## THE TASK
Nothing but the lines from the first line of the entries through the line with "Hello guys, welcome" should appear in the answer, transcribed exactly and free of pictures.

----- MATERIAL FOR THIS EXERCISE

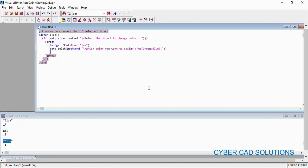Now I am using the `command` function with `chprop` — passing the entity `e`, pressing Enter, then specifying the Color option with "C", then passing the `colch` variable (whatever color the user chose), and pressing Enter to finish the command. I hope you know how to use the `chprop` command: it asks you to select objects first, we provide entity `e` and press Enter, then it shows what you want to change, we say Color, then it asks which color, and we supply the user's color choice.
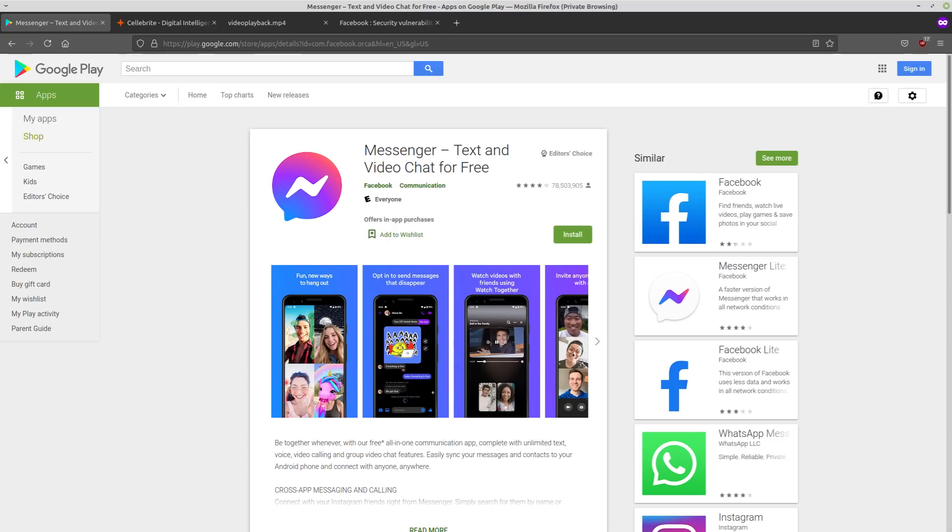But the Facebook Messenger's Rooms feature, so this is the app's video chat feature, it had a bug that allowed an attacker to access sensitive data on the phone when the attacker had physical access to the victim's phone.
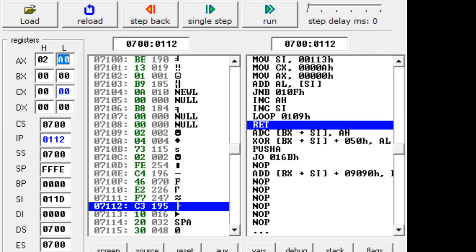Now let me modify the code to add 10 BCD numbers. If I want to add 10 BCD numbers, what modification do I have to make? The program logic remains the same — there is no change in the logic. The only thing is the number needs to be adjusted to BCD. After the addition, I just add the DAA instruction and it will adjust the result to BCD.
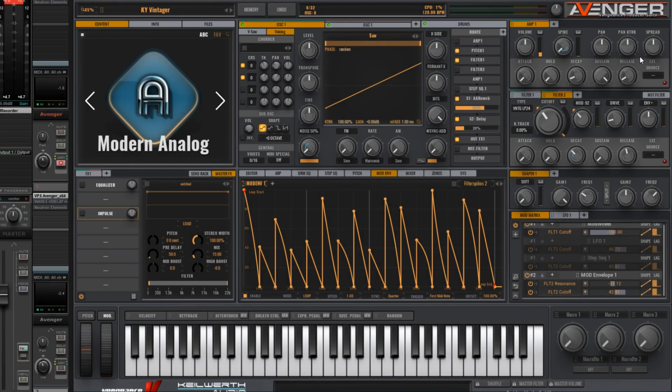This is my first tutorial on Avenger version 1.5, specifically looking at the vintage filter types, which I'm quite excited about.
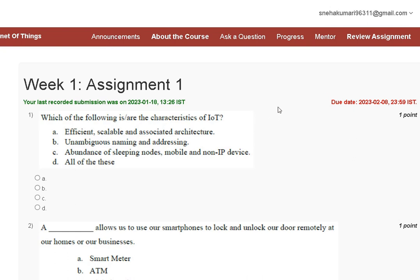Hello guys, welcome to my YouTube channel. In this tutorial video, we are discussing Assignment One solution of Introduction to Internet of Things. Here you can see that the first question is which of the following are the characteristics of IoT.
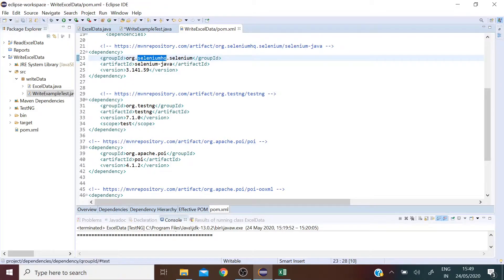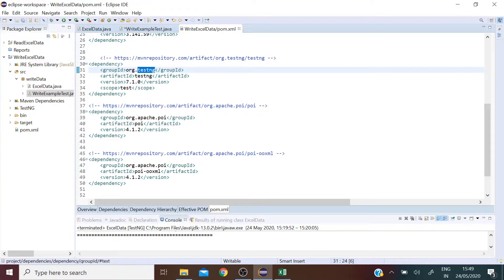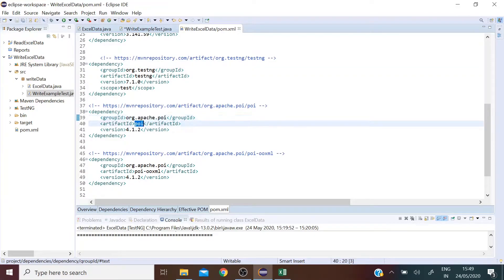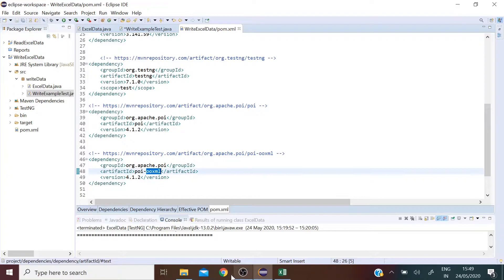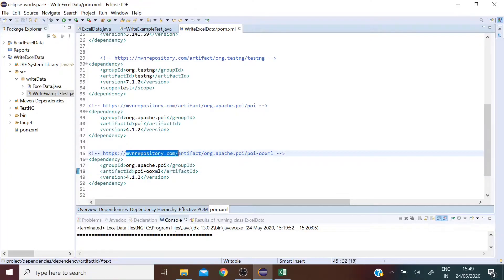The Selenium dependency, TestNG dependency, Apache POI dependency and Apache POI OOXML dependency. You can fetch the code for all these dependencies from the Maven repository link and I am going to add the URL in the description below.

----------

## THE COMPLETED TASK
Now I am using the `command` function with `chprop` — passing the entity `e`, pressing Enter, then specifying the Color option with "C", then passing the `colch` variable (whatever color the user chose), and pressing Enter to finish the command. I hope you know how to use the `chprop` command: it asks you to select objects first, we provide entity `e` and press Enter, then it shows what you want to change, we say Color, then it asks which color, and we supply the user's color choice.
But the Facebook Messenger's Rooms feature, so this is the app's video chat feature, it had a bug that allowed an attacker to access sensitive data on the phone when the attacker had physical access to the victim's phone.
Now let me modify the code to add 10 BCD numbers. If I want to add 10 BCD numbers, what modification do I have to make? The program logic remains the same — there is no change in the logic. The only thing is the number needs to be adjusted to BCD. After the addition, I just add the DAA instruction and it will adjust the result to BCD.
This is my first tutorial on Avenger version 1.5, specifically looking at the vintage filter types, which I'm quite excited about.
Hello guys, welcome to my YouTube channel. In this tutorial video, we are discussing Assignment One solution of Introduction to Internet of Things. Here you can see that the first question is which of the following are the characteristics of IoT.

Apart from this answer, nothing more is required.